我蹲在院子里接上水管,泡沫打了一遍又一遍。周婷婷从楼上下来,穿了一条香奈儿的连衣裙,踩着七厘米的高跟鞋,看都没看我一眼,直接把包扔进副驾驶。

“洗快点,我约了人。”

她坐进驾驶座发动引擎,排气管喷了我一脸尾气。我往后退了两步,继续把剩下的半扇车门擦完。

下午四点,婆婆周母从美容院回来,进门就喊饿。我从厨房端出煲了一下午的汤,她尝了一口,皱眉。“盐放多了。你连这点事都做不好,明远当初怎么就看上你了?”

我没说话。周明远已经三天没回家了,上次见面还是上周的家庭聚餐,他坐在长桌另一头,全程没正眼看过我。

周婷婷晚上回来得很晚,十一点多才听见院子里刹车的声音。她进门时嘴里哼着歌,手里拎着个爱马仕的橙色纸袋,袋子上还系着丝带。婆婆眼睛一亮,问她又买了什么好东西。

“没买什么。”周婷婷随手把纸袋放在玄关柜上,换了拖鞋往里走,“今天认识了个新朋友,家里做二手车生意的,特别有本事。”

婆婆笑着点头:“你现在认识的人层次越来越高了,多跟这些人来往,对咱家生意有帮助。”

周婷婷路过客厅时看了我一眼,我正跪在地上擦她鞋底带进来的泥印子。她嘴角勾了一下,什么都没说就上楼了。

那天晚上我没睡好。院子里的车位上空了一块,我总觉得哪里不对,但又说不上来。翻来覆去到凌晨两点,我起身拉开窗帘往外看了一眼——车位空空荡荡,保时捷没回来。
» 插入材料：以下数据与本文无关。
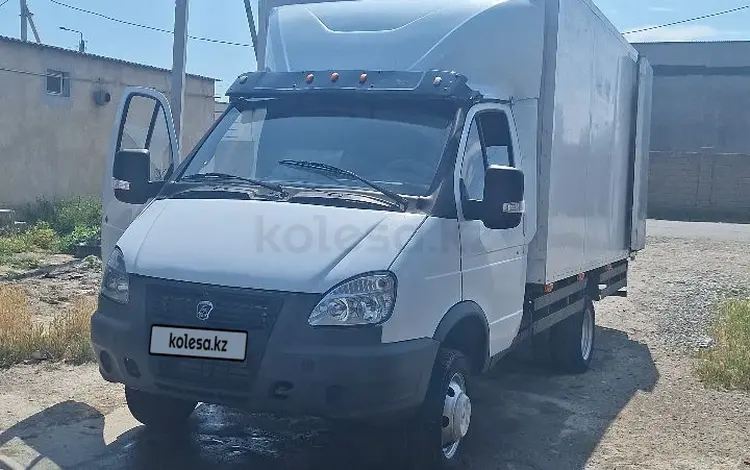 ГАЗ ГАЗель 2007 года за 4 600 000 тг. в Тараз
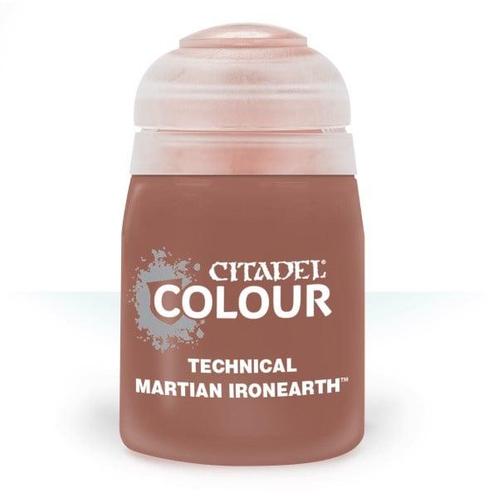 Citadel  colour Technical Martian Earth 18 Ml (Warhammer, Hobby en Vrije tijd, Wargaming, Ophalen of Verzenden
我以为周婷婷停到别处去了,没多想。第二天一大早我被厨房的动静吵醒,下楼一看,周母正在跟赵婶有说有笑。周婷婷坐在餐桌边吃燕窝,手机搁在桌上,界面停在银行转账的短信页面上。

“妈,三十五万,这个价格还行吧?”

周母走过来看了一眼手机屏,笑着拍了拍女儿的肩:“我闺女真有经济头脑,一辆旧车能卖这个价,比你爸手底下那些经理强多了。”

我站在楼梯拐角,腿像是被钉在地板上了。

“……什么旧车?”

周婷婷抬头,漫不经心地说:“你那辆保时捷啊,都开了三年了,多旧。我昨天让二手车行的人来看了,直接收走了。放心,钱我没乱花,我给自己换了一辆新的,下周提车。”
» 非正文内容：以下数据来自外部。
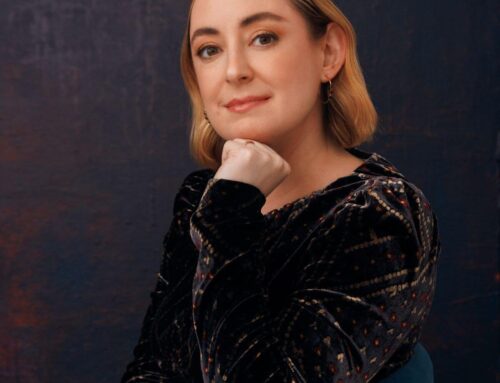 Exclusive Interview with Leigh Stein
她说这些话的时候语气轻松得像在讨论今天天气不错。周母在旁边给她的燕窝里又加了一勺蜂蜜,嘴里念叨着“女孩子就是要学会资产置换,懂得让钱生钱”。

我感觉喉咙里有什么东西堵住了,走过去抓住餐桌边沿,指尖发白:“那是我爸妈留给我的车,你们怎么……”
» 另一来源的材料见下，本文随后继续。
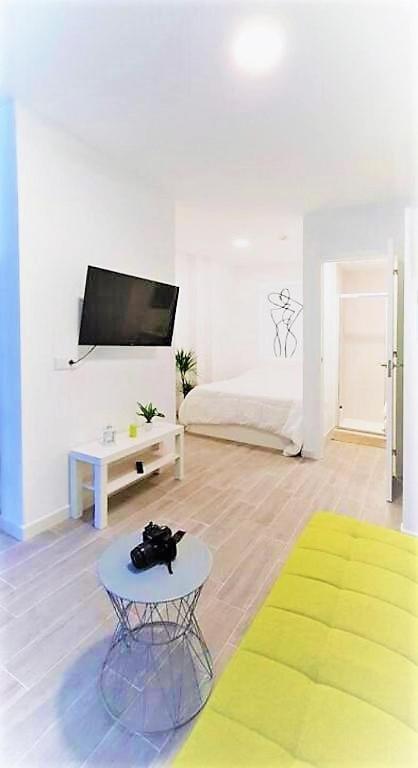 Apartamento En El Absoluto Centro 2B Algeciras Eksteriør bilde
“怎么?”周婷婷把燕窝碗往桌上一搁,瓷碗磕在大理石台面上发出清脆的一声,“周家养了你三年,吃穿用度哪样不是我们家的?一辆破车你至于吗?再说了,嫁进周家的东西就是周家的,我当小姑子的替你处理一下旧资产怎么了?”

周母收起笑脸,看我的眼神里带着不耐烦:“大清早的吵什么吵?一辆车而已,你嫁到我们家三年一分钱不挣,吃白食的还有脸计较这些?婷婷说得没错,那车放着也是贬值,早卖早止损。你要真懂事就回屋待着,别在这丢人现眼。”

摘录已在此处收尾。